Un documentaire –largement édité par l’intéressée– a été diffusé au début du mois d’avril et retrace cet engagement judiciaire comme un plaidoyer en faveur de Kim Kardashian, future avocate. “Ce documentaire est censé montrer Kardashian West s’exprimant pour la réforme, mais on finit par se demander quel changement elle souhaite réellement voir”, regrette la journaliste du Guardian.

Pour Dr Meredith Jones, la célèbre étudiante en droit a déjà fait une différence: “Il n’a pas fallu longtemps au président Trump pour accepter de la rencontrer. Il sait l’influence et le pouvoir qu’elle a. Même si seulement 10% de ses followers [164 millions sur Instagram, 64 millions sur Twitter] prennent sérieusement les posts liés à la réforme carcérale, c’est plus que n’importe quelle personnalité politique peut espérer.”

Mélanges des genres

Mais voilà, cette alliance avec la famille Trump nourrit les critiques. Kim Kardashian a brisé le cordon sanitaire érigé par la plupart des célébrités qui refusaient de se montrer aux côtés du magnat de l’immobilier devenu président.

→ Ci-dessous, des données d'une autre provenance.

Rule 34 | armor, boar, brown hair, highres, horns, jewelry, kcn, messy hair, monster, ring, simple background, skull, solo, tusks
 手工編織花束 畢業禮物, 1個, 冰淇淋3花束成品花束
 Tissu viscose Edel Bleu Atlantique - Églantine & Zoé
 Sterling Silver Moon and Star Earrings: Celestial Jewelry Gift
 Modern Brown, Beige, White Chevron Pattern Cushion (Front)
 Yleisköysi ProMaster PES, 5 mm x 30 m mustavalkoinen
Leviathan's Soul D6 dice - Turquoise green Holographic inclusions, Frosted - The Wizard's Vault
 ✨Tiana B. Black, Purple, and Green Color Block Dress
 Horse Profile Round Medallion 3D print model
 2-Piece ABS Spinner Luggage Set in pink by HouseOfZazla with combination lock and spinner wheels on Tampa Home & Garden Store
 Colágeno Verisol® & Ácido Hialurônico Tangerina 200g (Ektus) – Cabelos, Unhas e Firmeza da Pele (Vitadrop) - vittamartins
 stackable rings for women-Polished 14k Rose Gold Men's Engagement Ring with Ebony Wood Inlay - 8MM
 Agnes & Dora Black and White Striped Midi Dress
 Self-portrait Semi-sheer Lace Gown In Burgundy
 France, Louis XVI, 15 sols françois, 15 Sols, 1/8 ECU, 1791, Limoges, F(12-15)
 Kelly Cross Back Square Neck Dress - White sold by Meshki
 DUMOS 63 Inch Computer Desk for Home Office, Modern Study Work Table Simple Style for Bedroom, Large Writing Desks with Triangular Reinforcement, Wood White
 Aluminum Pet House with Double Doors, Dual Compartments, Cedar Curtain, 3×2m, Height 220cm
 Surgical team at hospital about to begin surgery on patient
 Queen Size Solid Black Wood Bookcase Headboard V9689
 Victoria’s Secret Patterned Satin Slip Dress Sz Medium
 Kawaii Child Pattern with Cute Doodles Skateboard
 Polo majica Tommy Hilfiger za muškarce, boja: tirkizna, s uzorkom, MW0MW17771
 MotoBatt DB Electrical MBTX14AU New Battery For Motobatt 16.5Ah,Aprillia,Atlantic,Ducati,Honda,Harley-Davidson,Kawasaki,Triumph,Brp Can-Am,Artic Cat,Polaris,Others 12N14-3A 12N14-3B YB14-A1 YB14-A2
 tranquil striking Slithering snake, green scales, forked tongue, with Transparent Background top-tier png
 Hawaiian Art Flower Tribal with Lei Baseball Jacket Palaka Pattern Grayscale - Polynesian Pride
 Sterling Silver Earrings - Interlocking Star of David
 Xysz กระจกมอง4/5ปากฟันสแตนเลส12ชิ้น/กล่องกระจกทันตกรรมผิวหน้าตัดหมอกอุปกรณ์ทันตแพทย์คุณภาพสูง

Sous l’administration Obama, c’était (presque) devenu une habitude de voir le président et la First Lady poser avec les célébrités juste pour le plaisir ou pour la bonne cause –Georges Clooney pour le Darfour, Leonardo di Caprio pour le changement climatique, Shakira pour les enjeux d’éducation en Colombie… Le couple présidentiel était devenu un objet à part entière de la pop culture sans que quiconque ne s’émeuve de ce mélange des genres.

En matière de politique, si Kanye West n’a pas caché son soutien (parfois lunaire) à Trump, Kim Kardashian s’est montrée plus réservée. Elle ne s’est pas positionnée pour un·e candidat·e lors de l’élection présidentielle de 2020 mais elle a ouvertement soutenu Hillary Clinton (comme sa mère et ses sœurs) en 2016. Par ailleurs, elle a travaillé avec Be Woke.Vote, une organisation qui encourage à s’inscrire aux listes électorales et à voter; elle s’est inquiétée du sort des enfants non accompagnés à la frontière américano-mexicaine…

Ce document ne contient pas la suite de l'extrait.